I reported back to Alex. He listened, and for the first time, I saw genuine respect in his eyes. Not for my family, but for me.
"Efficient," he said. "Welcome to Allied, Dahlia."
We became partners. Then, inevitably, something more. Our first kiss was in the Astronomy Tower, a calculated risk that felt thrillingly like rebellion. I knew then I was ruined for anyone else. He was a revolution disguised as a student, and I, the pinnacle of the old guard, had willingly enlisted in his army.
I helped him refine Allied. Where he was strategic, I was social. I knew the gossip, the scandals, the hidden pressures of every important family. And he… he was my freedom. With him, I wasn't just Dahlia Black, daughter of the House. I was Dahlia, the architect. The spymaster. The power behind the throne. I covered for his nighttime excursions, crafting alibis with the precision of a master watchmaker.

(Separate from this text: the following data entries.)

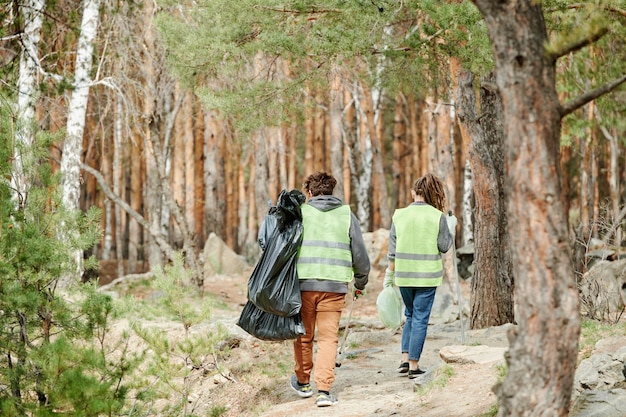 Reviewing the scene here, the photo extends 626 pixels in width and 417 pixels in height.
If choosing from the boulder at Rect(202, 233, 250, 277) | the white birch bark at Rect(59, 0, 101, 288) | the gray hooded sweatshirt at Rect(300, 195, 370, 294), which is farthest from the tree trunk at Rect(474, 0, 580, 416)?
the boulder at Rect(202, 233, 250, 277)

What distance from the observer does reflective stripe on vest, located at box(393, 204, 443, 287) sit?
685 cm

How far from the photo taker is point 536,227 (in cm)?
385

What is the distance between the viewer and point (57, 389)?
5.07m

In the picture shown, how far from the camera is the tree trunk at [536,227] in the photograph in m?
3.84

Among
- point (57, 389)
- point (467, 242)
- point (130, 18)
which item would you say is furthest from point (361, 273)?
point (467, 242)

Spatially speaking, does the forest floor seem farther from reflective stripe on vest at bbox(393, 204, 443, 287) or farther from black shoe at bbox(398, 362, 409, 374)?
reflective stripe on vest at bbox(393, 204, 443, 287)

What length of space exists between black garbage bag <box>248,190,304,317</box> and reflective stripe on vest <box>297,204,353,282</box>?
6 cm

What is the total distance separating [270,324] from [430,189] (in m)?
1.93

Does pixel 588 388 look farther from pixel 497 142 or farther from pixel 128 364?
pixel 497 142

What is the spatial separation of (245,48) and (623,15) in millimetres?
4080

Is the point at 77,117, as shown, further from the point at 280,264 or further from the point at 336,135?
the point at 336,135

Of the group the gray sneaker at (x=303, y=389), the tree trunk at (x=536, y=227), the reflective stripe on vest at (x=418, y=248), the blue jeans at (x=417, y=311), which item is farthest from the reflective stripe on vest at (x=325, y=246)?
the tree trunk at (x=536, y=227)

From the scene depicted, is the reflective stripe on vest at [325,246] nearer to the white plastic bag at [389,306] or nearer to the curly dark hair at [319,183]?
the curly dark hair at [319,183]

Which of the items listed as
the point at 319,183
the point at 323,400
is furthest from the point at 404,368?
the point at 319,183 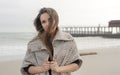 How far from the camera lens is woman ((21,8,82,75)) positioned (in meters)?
2.31

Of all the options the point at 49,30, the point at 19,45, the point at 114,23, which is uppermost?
the point at 49,30

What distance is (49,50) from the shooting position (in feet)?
7.64

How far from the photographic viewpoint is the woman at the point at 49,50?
7.57 feet

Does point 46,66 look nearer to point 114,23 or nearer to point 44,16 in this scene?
point 44,16

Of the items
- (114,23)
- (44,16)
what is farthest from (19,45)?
(114,23)

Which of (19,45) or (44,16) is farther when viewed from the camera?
(19,45)

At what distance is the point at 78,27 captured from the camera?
247ft

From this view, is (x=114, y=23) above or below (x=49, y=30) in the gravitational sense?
below

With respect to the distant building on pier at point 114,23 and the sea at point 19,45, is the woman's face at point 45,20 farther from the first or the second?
the distant building on pier at point 114,23

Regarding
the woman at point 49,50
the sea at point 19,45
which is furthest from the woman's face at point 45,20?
the sea at point 19,45

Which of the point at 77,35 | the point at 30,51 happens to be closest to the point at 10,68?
the point at 30,51

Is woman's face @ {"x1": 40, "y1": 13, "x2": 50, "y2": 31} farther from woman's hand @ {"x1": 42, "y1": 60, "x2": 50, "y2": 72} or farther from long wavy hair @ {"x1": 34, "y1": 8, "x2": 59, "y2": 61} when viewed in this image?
woman's hand @ {"x1": 42, "y1": 60, "x2": 50, "y2": 72}

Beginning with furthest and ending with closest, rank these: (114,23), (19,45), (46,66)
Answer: (114,23) → (19,45) → (46,66)

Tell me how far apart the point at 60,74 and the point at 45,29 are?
0.31 meters
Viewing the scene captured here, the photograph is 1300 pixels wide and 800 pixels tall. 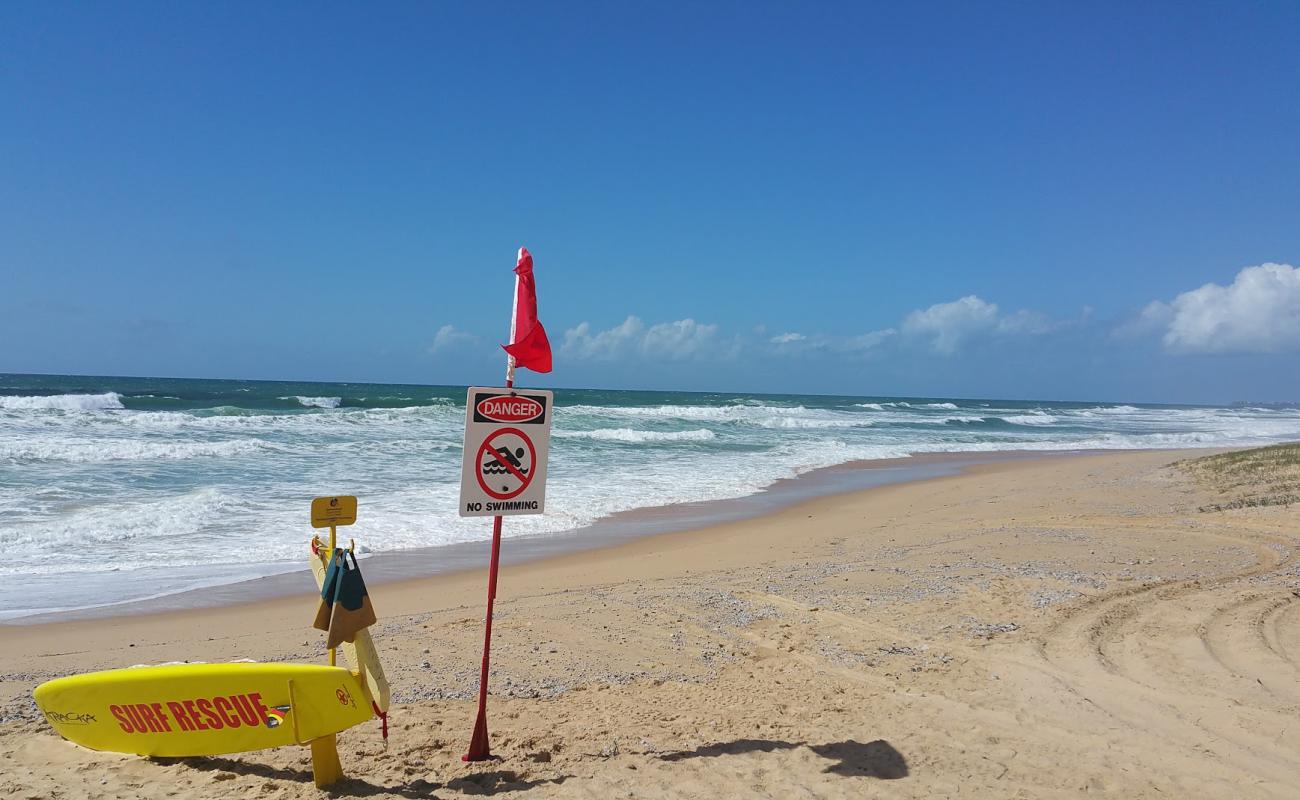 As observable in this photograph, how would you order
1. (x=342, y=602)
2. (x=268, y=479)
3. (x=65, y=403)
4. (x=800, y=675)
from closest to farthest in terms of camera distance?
(x=342, y=602)
(x=800, y=675)
(x=268, y=479)
(x=65, y=403)

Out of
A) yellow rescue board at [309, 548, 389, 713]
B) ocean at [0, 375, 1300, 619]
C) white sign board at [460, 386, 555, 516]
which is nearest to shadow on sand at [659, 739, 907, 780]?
yellow rescue board at [309, 548, 389, 713]

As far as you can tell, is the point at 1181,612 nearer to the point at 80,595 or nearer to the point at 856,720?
the point at 856,720

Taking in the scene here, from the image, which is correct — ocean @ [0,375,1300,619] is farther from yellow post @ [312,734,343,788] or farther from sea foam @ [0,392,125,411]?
yellow post @ [312,734,343,788]

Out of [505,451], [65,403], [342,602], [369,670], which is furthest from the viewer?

When he started his private war with the Ashwinders in fourth year, I was his logistical commander. I managed the flow of information, identified their patterns from the whispers I collected in Hogsmeade, and helped him acquire the second, untraceable wand for the uglier work.
"You don't have to do this," he told me once after a particularly close call. His knuckles were bloody; he'd resorted to his fists.
"Don't be absurd," I'd replied, dabbing the blood away with a handkerchief monogrammed with the Black family crest. "They're thugs. They lack vision. They're an eyesore. We're just… urban planning."
The night he came back from his encounter with Rookwood and the goblin, Ranrok, he was quiet. He wasn't scared. He was… recalculating. I poured him a firewhisky from the secret stash in the Room of Requirement, our space.
"Their magic is different," he said, staring into the glass. "Red. Metallic. It doesn't feel like ours."
"Goblin magic always was… peculiar," I offered.
He looked at me. "Something's changing, Dahlia. The board is getting bigger."
"Then we'll play on a bigger board."
The start of our fifth year was overshadowed by Anne's tragedy. I saw the effect on Sebastian. The sweet, boisterous boy was hardening into a sharp, desperate weapon. And I saw Alex's eyes as he looked at his friend. It wasn't grief. It was… assessment.
In Hogsmeade, at the Three Broomsticks, when he slid me that napkin and launched into that utterly deranged monologue about atoms and Pacific Oceans, I didn't hesitate. I played my part. Because I trusted his chaos. His chaos had a purpose. And later, when that chaos manifested as a panicked Sebastian, a bewildered new boy, and Victor Rookwood himself. Facing down a dark wizard in a pub was far more exciting than another afternoon discussing the merits of different elf-made wines.
And the new boy… Jon longstaff. Alex's reaction to him was the most telling thing of all. Alex, who was never surprised, looked utterly stunned for a fraction of a second after they made eye contact. He had that look he gets when a complex arithmancy equation suddenly solves itself in his mind.
After we left the pub, Alex was quiet. As we walked back to the carriages, I gave him the final piece of intelligence about Anne being moved back to Feldcroft. His eyes cleared. The calculation was complete.
He is going to Feldcroft. I know it. He sees a connection—Anne's curse, Ranrok' interest, this new wild card of a student who arrived with a dragon and a troll attached.
He thinks he's going to use this Jon boy as a guide. A tool.
But as I watch this Ethan, who speaks with the bizarre, stilted language of a badly written play and looks at everything with the wide-eyed panic of a newborn kneazle, I'm not so sure.
Alex sees a puzzle to be solved.
I see something else. I see a narrative. And in my experience, people who arrive with a narrative already attached to them have a habit of changing everyone's story around them.
But that's fine. Let Alex play his game of empires and assets. I'll play mine. I'll watch this Jon longstaff. what a ridiculous name. I'll learn his story. Because every king needs a queen. And every queen needs to know every piece on the board, especially the unexpected ones.